▶ _Prompt_
With pictures excluded, give again exactly the lines running from the one holding "ヨーク(YOKE) 【YOK" through the end of the listing below.

▶ _Data segment_
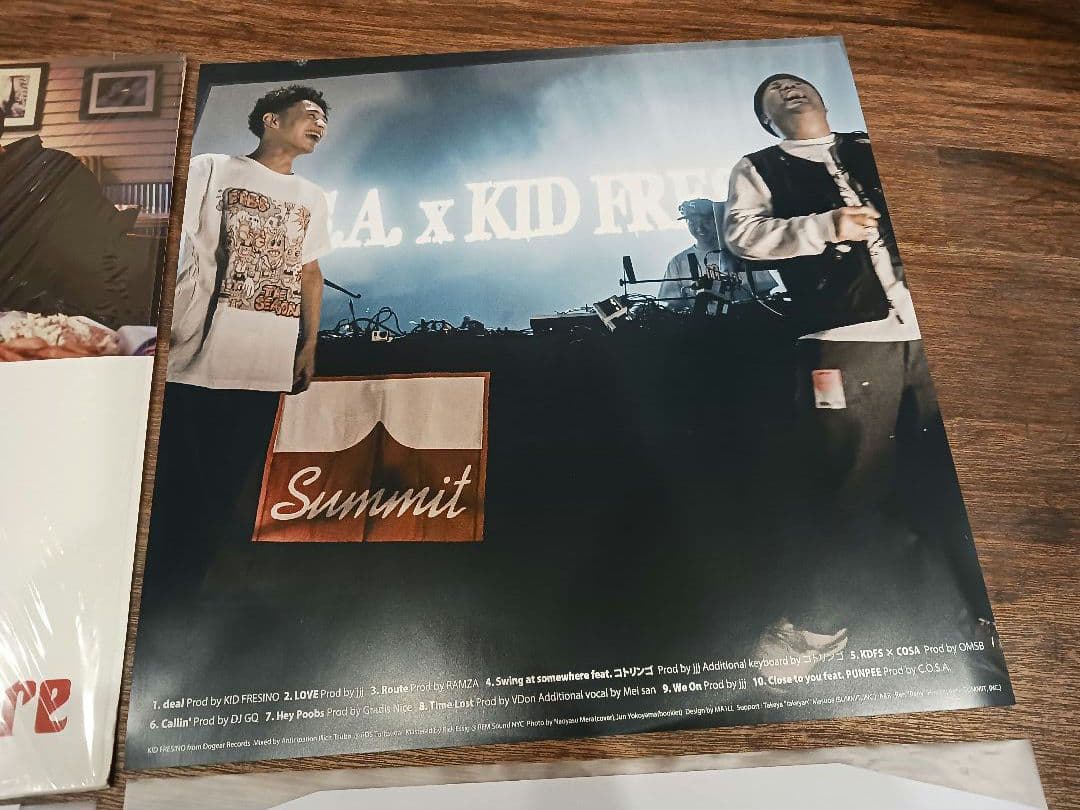 C.O.S.A. × KID FRESINO / Somewhere《レコード》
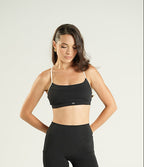 Square sport bra Negro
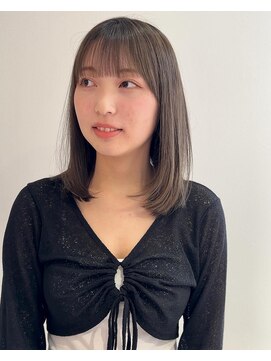 ヨーク(YOKE) 【YOKE】20代30代ミルクティーベージュ顔まわりレイヤーロブ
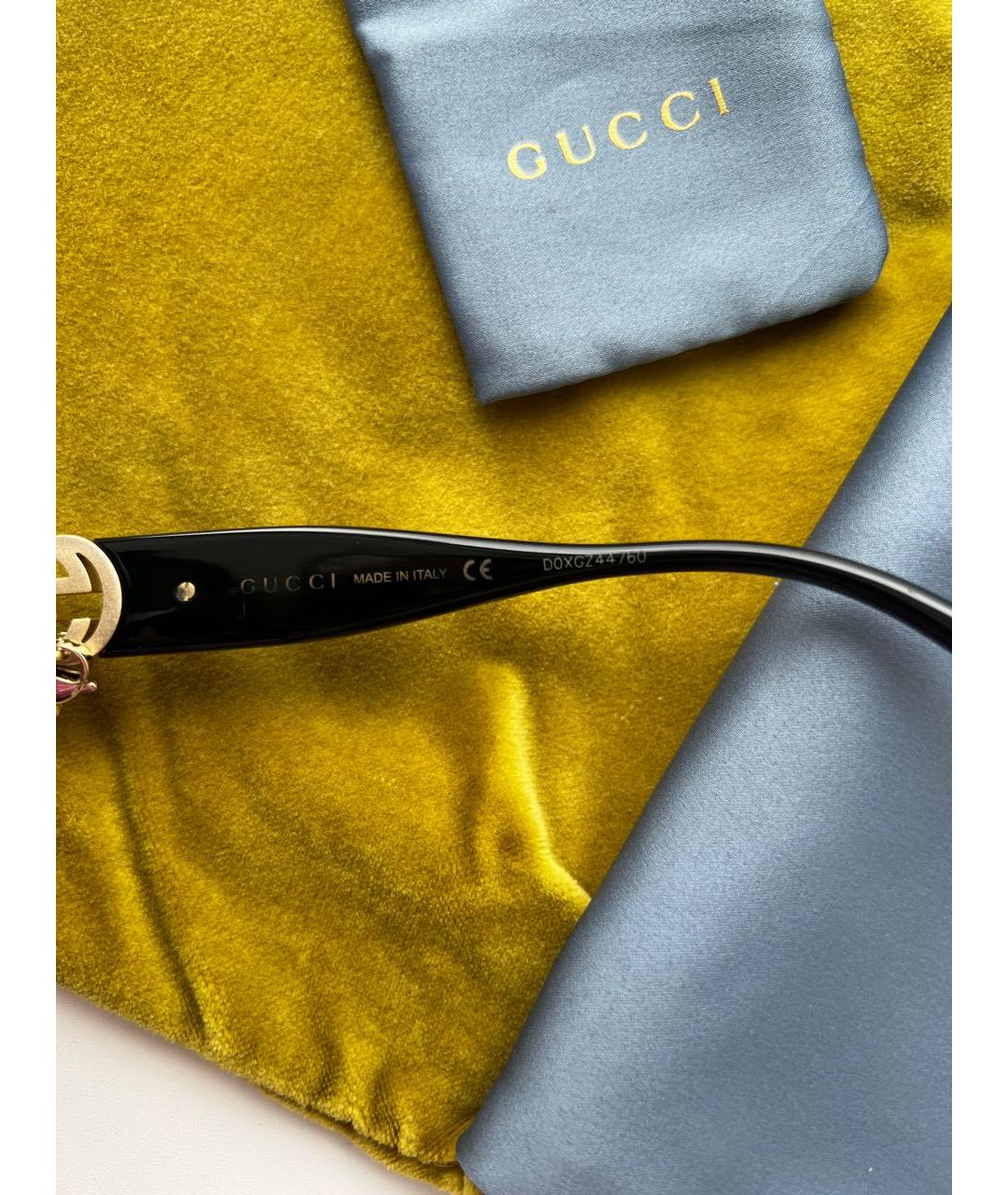 GUCCI Черные пластиковые солнцезащитные очки, фото 4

▶ _Answer to this problem_
 ヨーク(YOKE) 【YOKE】20代30代ミルクティーベージュ顔まわりレイヤーロブ
 GUCCI Черные пластиковые солнцезащитные очки, фото 4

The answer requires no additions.